Ocean worlds. Snowball worlds. Desert worlds. Diamond worlds. If you have been following the exoplanet news for the last couple of decades, you may have seen headlines about each of these kinds of planets. Using powerful telescopes, new techniques, and theoretical modeling, scientists have come to realize the wild diversity of planetary types nature has created. Last week, I had my own experience poking around in this wilderness, and it brought home the most important aspect of how we should think about all the exoplanets science is dropping at the doorsteps of our imagination.
I had traveled down to New York City to meet with an old friend of mine who is a very talented atmospheric physicist. He studies Earth’s climate but has recently developed an interest in exoplanets. After knowing each other since grad school, we decided it was time to start collaborating. We wandered around the West Village, comparing notes on the problems in the overlap between Earth science and exoplanet studies. Then the conversation drifted to rain.

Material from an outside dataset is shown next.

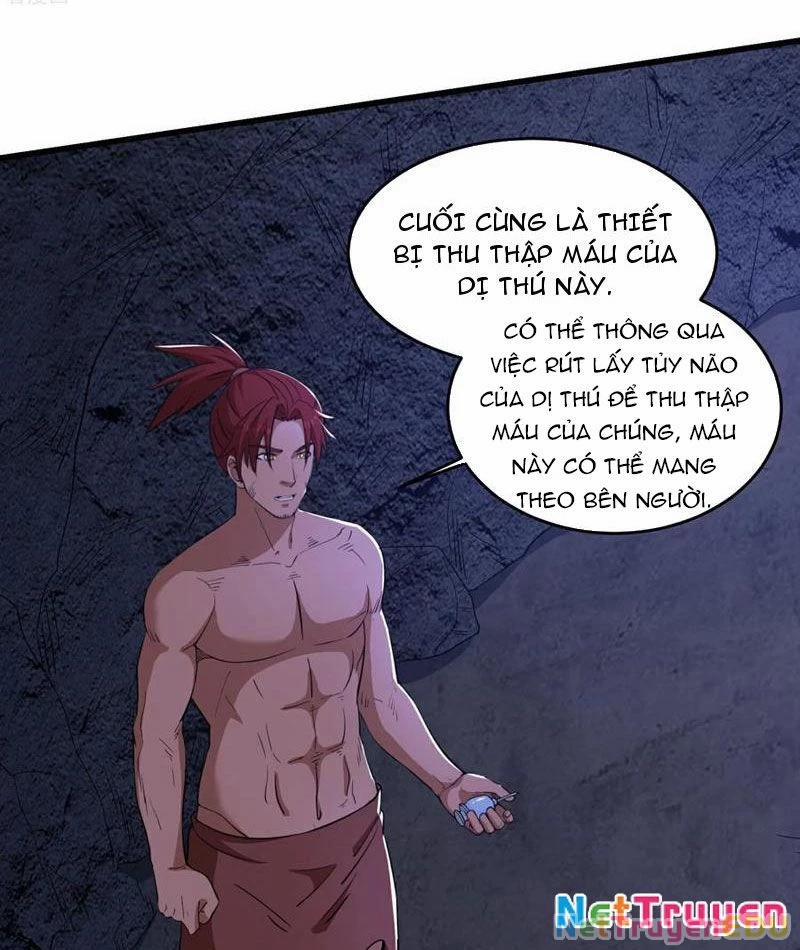 Câu Lạc Bộ Trao Đổi Nhân Sinh 83 trang 30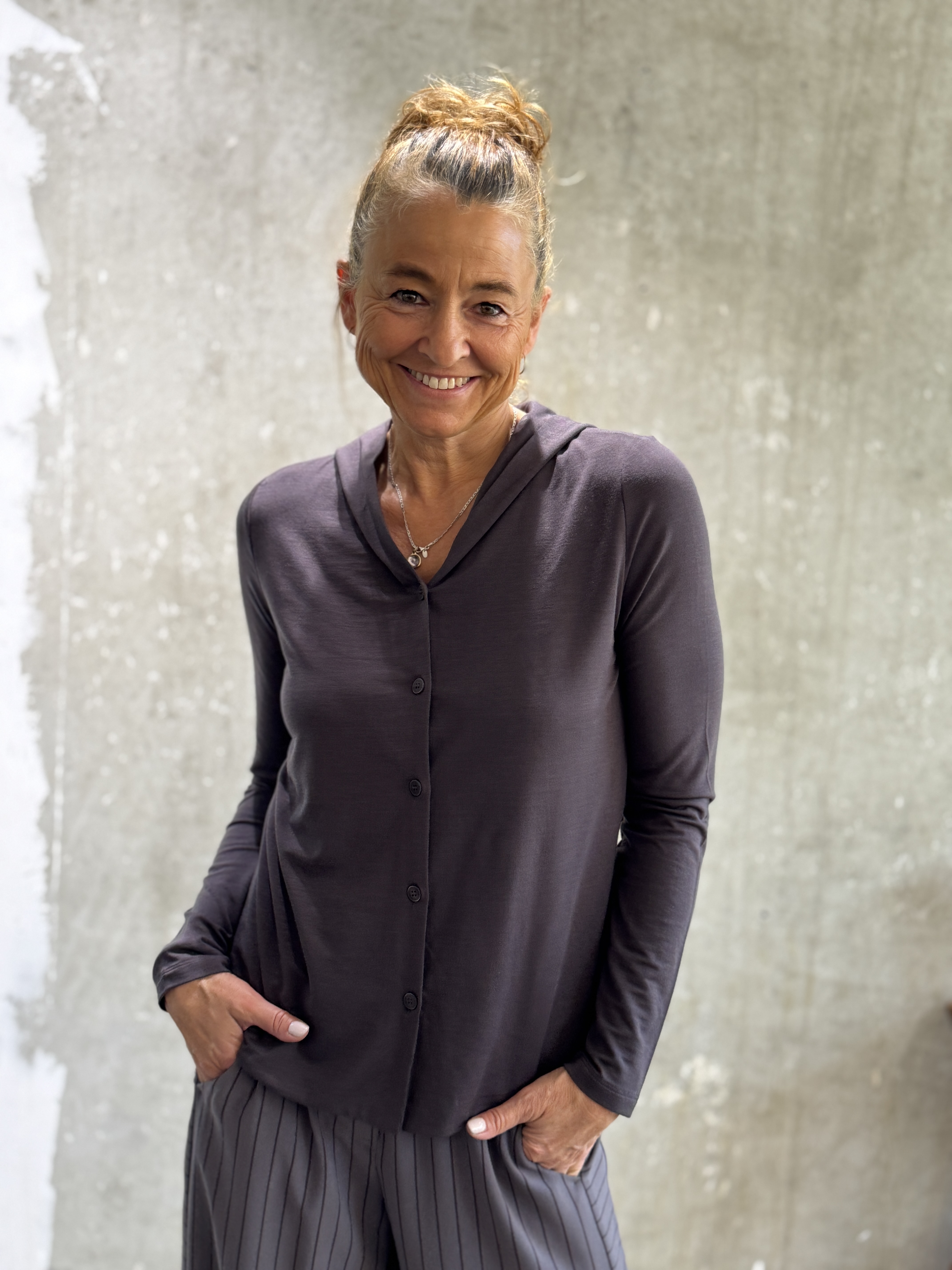 ANIA SCHIERHOLT Shirt 3134/31 in 3 Farben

Rainfall is a pretty basic process for planets.
The surface of Earth is heated by sunlight. That heat evaporates liquid water, turning it into a gas (water vapor). The water vapor is carried upward by large scale atmospheric motions called convection. Once the water vapor gets carried high enough, the surrounding air is so cold, that the vapor condenses back to liquid, leaving raindrops which fall back to Earth. It is a cycle that can get repeated as often as conditions on the planet allow.
So, like I said, rainfall is a pretty basic process for planets. It could and should happen on any world in the habitable or “Goldilocks” zone of a solar system — that is, the zone of orbits where liquid water can exist on a planet’s surface. But rainfall also matters for the evolution of a planet. Rain erodes rocks, and rocks can store carbon, and carbon (in the form of carbon dioxide) is one of the main factors determining a planet’s climate (via the planet’s temperature).
That is why once our conversation turned to rainfall, it stayed there. For the next hour or so, we began putting together ideas about how rainfall might work on other planets. How much rain do you get on a planet just like Earth but orbits 10% farther from its sun? How about 10% closer to its sun? How much rain do you get on a planet that orbits its sun at the same distance as Earth but is 10% heavier?
It was exciting throwing around ideas, trying to see how all this might affect the climate history of an exoplanet — including the possibilities for life. Eventually, it was time to go, but we left with the beginnings of a project.
It was only later that night, as I drifted off to sleep, that it came to me: Rainworld!
The image appeared, almost as of a dream, of landscapes eternally soaked in driving rains. Cliffsides beaten by sheets of wet wind. Plains forever topped by low-slung, scudding clouds that pelt the land with heavy drops. Oceans of heavy swells that never see the sun. For a few beautiful moments, the scientific discussions of the morning were transformed into a minds-eye view of the planetary reality. It was very beautiful. That brief moment reminded me of what is most important when we think about exoplanets, not as scientists but just as people.
They are places!
Science serves a lot of purposes, but one of its most important is to expand the vistas of our imagination. What exoplanet science shows us is that the Universe is full of worlds. These planets are both completely different and utterly like our own. They are different in ways that stir the imagination: worlds of only endless oceans, worlds entirely covered by ice, worlds of vast steaming jungles without any ice, worlds of rain. But they are also entirely like our own planet in that they are places you could be. They are places you can stand and look out and (in some cases) walk and (in some cases) climb and (in some cases) sail.
Even if you or I will never actually visit these distant worlds, we now know they exist. We now know they are out there. They are real, and for me there is so much wonder, hope, and excitement in that knowledge. And that is how to think about and why to think about exoplanets.